CULTURE:  Hardy, uncomplaining, drought-resistant, a thing of beauty all year round. Requires excellent drainage. This and all madrones are extremely difficult to transplant. A little shade is appreciated but not required. Though this is not the easiest tree to grow, start with a healthy and vigorous plant. Poor, even rocky soil is fine, but prefers slightly acid soil. Does best in a south or west exposure. Its geographic range is from Vancouver Island, British Columbia, south through the lowlands of the Cascades, sometimes found in the Sierra Nevada, through San Diego County and the southern California coastal mountains to it's most southern growth area of Santa Cruz Island. It's elevation choices are from sea level to 6,000 feet. This plant will grow from areas with rainfall as much as 150 inches yearly to as little as 15 inches a year. As particular as it can be to establish, once it starts to grow it will withstand high temperatures and drought to wet freezing conditions. Although it prefers some sun, it seems not to mind some partial shade.

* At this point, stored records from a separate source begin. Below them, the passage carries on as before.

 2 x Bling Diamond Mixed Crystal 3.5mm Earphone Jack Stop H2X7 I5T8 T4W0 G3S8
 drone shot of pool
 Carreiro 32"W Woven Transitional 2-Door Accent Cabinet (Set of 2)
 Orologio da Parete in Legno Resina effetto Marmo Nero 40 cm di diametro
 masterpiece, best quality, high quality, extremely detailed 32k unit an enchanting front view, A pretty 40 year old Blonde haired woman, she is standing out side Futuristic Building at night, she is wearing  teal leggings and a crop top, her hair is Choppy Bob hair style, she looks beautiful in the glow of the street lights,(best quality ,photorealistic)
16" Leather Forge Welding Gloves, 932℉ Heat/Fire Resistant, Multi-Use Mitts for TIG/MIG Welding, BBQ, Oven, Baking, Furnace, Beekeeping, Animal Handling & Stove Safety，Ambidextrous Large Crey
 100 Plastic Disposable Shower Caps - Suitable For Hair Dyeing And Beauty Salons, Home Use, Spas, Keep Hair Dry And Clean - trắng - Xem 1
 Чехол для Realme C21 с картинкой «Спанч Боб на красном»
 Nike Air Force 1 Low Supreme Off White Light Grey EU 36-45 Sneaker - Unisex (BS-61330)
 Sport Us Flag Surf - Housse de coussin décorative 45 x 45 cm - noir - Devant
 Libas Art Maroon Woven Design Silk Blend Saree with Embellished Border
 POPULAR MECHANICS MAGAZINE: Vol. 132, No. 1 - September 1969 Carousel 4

USES:  It is a delight to birds year-round.  The blooms attract hummingbirds by the score. This native tree often grows on dry bluffs and poor soil, and the trunk often bends at graceful angles. It is superb as a single tree or in drifts. Native Americans ate the fruits uncooked. The wood is quite dense, making it difficult to work except by the skillful carpenter. Mexican caberellos were known to make their spurs from this wood because of the hardness and the beautiful color. 

PROPAGATION:  Nearly impossible to survive when dug in the wild. See Texas madrone for more information.

NOTES:  Madrono is Spanish for “strawberry tree.” An interesting natural deer repellant is produced when the leaves are young and attractive to deer. A liquid containing reduced sugars is secreted just at the tip of the leaf bud that attracts ants and flies. These insects render the succulent leaves unpalatable to deer.